Titanic biscuit to fetch up to €13,600

What could be the world’s most valuable biscuit is to be sold at auction.

Titanic biscuit to fetch up to €13,600

The Spillers and Bakers “Pilot” biscuit survived the sinking of the Titanic in 1912 in which around 1,500 people died.

It was part of a survival kit stored within one of the ill-fated ocean liner’s lifeboats and was kept as a souvenir.

It will now go under the hammer at Henry Aldridge & Son auctioneers in Devizes, Wiltshire on October 24 and is estimated to sell for between £8,000 (€10,885) and £10,000 (€13,600).

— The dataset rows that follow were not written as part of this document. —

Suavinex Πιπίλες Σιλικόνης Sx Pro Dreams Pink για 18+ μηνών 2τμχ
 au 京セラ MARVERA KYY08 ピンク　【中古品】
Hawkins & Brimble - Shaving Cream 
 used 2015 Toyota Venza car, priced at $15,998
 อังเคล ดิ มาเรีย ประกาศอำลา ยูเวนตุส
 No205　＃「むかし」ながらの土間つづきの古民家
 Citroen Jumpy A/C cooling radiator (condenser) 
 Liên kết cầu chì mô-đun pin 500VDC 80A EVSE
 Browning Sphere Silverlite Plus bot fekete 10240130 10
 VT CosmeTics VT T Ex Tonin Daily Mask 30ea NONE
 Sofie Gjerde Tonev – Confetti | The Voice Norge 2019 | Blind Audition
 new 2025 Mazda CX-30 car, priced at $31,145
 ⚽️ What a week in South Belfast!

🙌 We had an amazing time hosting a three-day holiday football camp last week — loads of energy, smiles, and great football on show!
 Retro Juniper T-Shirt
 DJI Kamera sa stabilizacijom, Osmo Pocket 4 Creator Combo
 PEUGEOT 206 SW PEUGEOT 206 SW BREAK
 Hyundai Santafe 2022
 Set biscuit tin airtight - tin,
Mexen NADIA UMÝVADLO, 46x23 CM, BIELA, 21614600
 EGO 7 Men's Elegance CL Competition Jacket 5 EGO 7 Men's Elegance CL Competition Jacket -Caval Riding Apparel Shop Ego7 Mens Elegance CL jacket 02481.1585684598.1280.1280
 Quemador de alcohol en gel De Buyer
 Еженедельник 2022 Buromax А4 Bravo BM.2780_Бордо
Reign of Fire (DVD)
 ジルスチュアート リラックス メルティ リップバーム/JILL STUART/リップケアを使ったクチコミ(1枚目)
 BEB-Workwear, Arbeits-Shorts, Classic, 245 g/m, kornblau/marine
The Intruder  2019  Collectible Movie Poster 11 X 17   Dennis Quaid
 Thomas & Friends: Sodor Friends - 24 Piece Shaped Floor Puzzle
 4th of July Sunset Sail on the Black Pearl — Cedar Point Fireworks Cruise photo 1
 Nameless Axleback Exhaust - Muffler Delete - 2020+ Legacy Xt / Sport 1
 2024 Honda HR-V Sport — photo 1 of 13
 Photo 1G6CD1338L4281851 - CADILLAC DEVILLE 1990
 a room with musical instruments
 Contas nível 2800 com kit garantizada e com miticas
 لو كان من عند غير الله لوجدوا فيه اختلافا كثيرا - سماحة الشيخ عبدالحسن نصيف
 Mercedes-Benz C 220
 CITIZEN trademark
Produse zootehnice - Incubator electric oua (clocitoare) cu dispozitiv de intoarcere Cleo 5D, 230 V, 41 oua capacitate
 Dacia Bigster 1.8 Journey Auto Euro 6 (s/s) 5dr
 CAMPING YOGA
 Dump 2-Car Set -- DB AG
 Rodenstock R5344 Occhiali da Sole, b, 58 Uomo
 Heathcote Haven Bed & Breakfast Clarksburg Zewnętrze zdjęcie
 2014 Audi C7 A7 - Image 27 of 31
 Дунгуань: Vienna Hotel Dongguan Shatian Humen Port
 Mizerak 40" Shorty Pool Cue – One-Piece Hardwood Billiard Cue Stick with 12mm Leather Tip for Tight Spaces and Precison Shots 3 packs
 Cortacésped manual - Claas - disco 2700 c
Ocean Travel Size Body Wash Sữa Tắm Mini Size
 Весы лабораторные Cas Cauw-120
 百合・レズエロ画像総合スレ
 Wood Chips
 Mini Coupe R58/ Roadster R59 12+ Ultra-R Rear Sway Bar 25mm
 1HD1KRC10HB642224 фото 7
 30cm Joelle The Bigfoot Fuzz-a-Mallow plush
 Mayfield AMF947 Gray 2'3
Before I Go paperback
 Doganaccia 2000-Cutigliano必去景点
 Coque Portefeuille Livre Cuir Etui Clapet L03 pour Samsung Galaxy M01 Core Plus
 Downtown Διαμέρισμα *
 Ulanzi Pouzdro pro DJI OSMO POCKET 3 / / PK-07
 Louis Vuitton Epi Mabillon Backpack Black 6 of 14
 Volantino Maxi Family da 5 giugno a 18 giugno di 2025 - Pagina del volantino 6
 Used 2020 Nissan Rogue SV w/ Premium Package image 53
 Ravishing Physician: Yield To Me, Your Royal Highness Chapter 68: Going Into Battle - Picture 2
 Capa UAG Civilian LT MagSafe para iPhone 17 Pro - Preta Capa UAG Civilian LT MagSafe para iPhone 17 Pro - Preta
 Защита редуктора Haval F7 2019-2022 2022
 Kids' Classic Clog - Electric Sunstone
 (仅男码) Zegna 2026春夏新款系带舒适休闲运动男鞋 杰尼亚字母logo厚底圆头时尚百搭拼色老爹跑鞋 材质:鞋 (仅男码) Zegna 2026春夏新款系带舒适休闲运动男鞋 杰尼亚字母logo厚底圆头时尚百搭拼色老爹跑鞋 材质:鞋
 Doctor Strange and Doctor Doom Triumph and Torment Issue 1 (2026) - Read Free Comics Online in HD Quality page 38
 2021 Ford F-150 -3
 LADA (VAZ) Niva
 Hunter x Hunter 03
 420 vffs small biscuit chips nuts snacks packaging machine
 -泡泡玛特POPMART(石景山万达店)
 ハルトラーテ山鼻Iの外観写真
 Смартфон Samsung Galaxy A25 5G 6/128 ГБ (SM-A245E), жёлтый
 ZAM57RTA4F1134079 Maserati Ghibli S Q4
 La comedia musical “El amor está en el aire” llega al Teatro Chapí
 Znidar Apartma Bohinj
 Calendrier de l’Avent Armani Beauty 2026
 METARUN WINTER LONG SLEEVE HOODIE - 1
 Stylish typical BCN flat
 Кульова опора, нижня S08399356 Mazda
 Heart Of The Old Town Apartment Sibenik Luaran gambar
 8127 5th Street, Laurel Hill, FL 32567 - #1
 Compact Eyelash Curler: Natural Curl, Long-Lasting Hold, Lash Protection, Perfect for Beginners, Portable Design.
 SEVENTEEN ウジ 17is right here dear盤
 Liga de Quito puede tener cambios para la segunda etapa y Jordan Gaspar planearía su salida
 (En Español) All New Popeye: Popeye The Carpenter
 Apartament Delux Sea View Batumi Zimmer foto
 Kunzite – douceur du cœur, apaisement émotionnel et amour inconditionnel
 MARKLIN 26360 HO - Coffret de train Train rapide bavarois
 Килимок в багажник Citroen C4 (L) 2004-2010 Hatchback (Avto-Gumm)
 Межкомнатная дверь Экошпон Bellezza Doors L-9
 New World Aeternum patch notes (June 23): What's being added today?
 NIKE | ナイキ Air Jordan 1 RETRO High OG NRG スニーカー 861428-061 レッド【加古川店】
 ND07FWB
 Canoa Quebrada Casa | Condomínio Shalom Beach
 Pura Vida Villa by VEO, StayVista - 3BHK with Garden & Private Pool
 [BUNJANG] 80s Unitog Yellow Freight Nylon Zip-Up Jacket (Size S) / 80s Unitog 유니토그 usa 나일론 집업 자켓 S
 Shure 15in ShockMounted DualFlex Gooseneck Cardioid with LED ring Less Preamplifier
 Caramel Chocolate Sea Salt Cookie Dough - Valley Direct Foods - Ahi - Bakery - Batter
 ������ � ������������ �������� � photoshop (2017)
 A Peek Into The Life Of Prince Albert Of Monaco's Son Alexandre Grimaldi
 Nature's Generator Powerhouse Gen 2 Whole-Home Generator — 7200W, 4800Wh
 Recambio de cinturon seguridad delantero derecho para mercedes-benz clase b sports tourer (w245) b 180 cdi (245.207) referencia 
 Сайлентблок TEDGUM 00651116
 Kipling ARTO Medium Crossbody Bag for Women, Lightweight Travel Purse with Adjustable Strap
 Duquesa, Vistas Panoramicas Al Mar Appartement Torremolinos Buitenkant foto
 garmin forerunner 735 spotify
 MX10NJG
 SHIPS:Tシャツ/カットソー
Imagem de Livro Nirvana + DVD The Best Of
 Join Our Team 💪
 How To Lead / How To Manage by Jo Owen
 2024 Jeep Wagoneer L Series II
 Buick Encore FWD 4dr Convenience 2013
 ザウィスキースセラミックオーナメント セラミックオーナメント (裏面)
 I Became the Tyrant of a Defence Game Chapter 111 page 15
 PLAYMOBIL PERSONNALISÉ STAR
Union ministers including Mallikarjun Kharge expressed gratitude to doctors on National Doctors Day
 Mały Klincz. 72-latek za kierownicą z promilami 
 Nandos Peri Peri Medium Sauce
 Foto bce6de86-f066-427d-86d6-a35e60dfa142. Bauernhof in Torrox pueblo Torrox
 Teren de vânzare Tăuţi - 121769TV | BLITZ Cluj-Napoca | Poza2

The biscuit was kept by James Fenwick, a passenger onboard the SS Carpathia which went to the aid of survivors from the ship.

He put the sweet snack in a Kodak photographic envelope complete with the original note, which stated “Pilot biscuit from Titanic lifeboat April 1912”.

“It is the world’s most valuable biscuit,” auctioneer Andrew Aldridge said.

“We don’t know which lifeboat the biscuit came from but there are no other Titanic lifeboat biscuits in existence to my knowledge.

“It is incredible that this biscuit has survived such a dramatic event.

“In terms of precedence, a few years ago a biscuit from one of Shackleton’s expeditions sold for about £3,000 (€4,082) and there is a biscuit from the Lusitania in an Irish museum.

“So we have put an estimate of between £8,000 and £10,000 which makes it the most valuable biscuit in the world.”